------ RECORD EXCERPTS ------

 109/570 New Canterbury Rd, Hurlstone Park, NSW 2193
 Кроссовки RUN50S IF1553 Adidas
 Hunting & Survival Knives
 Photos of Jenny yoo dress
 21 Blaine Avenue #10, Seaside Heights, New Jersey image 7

------
------ RECORD EXCERPTS ------

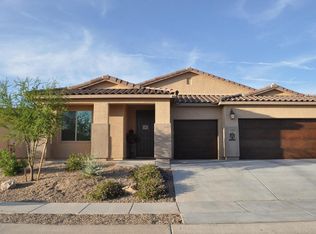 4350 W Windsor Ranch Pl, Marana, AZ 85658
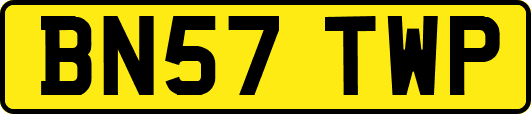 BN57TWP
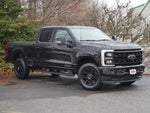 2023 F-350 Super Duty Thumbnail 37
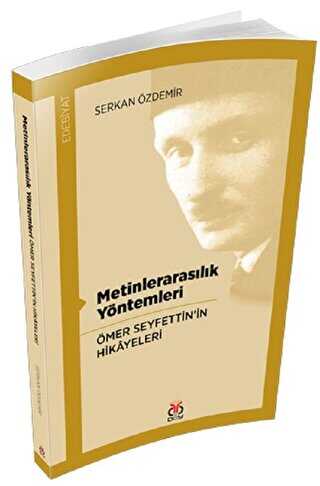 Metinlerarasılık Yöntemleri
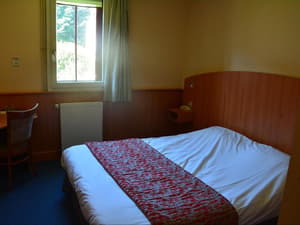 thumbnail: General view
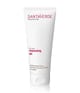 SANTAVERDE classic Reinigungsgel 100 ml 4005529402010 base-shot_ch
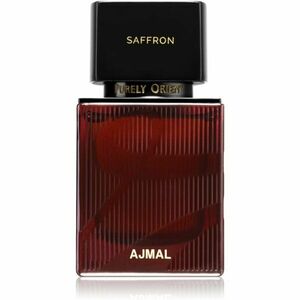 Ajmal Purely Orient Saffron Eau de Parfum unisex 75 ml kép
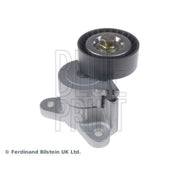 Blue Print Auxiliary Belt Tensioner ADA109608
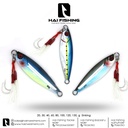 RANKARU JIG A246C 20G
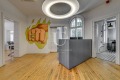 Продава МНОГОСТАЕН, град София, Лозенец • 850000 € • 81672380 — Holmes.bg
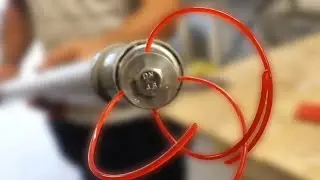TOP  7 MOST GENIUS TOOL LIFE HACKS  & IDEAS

------
------ RECORD EXCERPTS ------

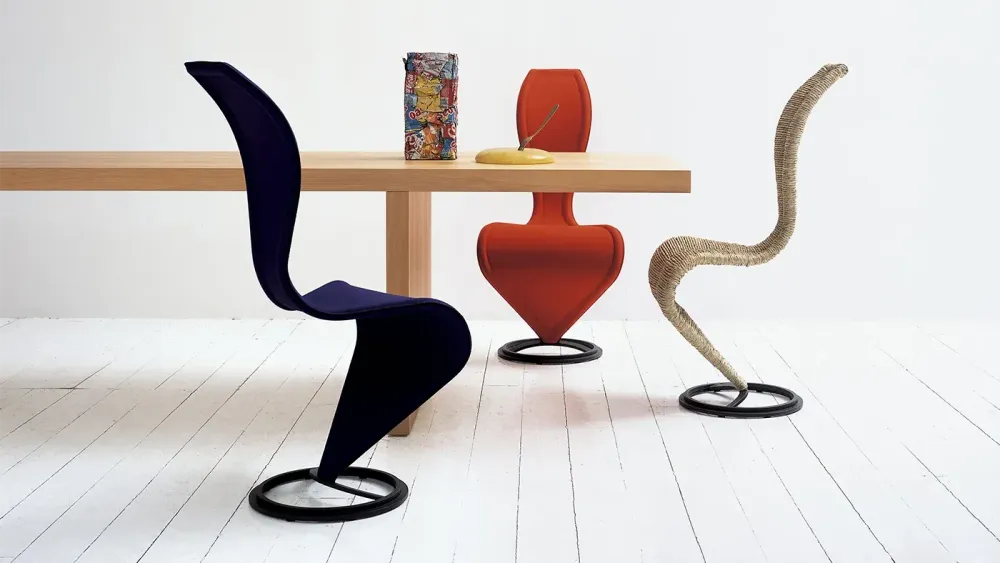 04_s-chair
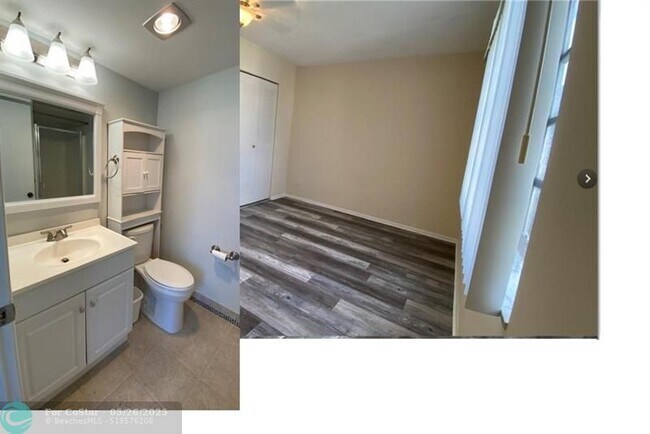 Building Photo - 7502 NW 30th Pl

------

▶ **TASK GOAL**
Pictures in the entries do not go into the copy. Print only the lines starting at the one containing "SANTAVERDE classic Reinigungsgel" and ending at the one containing "7 MOST GENIUS", exactly as they appear.

▶ **RESPONSE TO THE EXERCISE**
 SANTAVERDE classic Reinigungsgel 100 ml 4005529402010 base-shot_ch
 Ajmal Purely Orient Saffron Eau de Parfum unisex 75 ml kép
 Blue Print Auxiliary Belt Tensioner ADA109608
 RANKARU JIG A246C 20G
 Продава МНОГОСТАЕН, град София, Лозенец • 850000 € • 81672380 — Holmes.bg
TOP  7 MOST GENIUS TOOL LIFE HACKS  & IDEAS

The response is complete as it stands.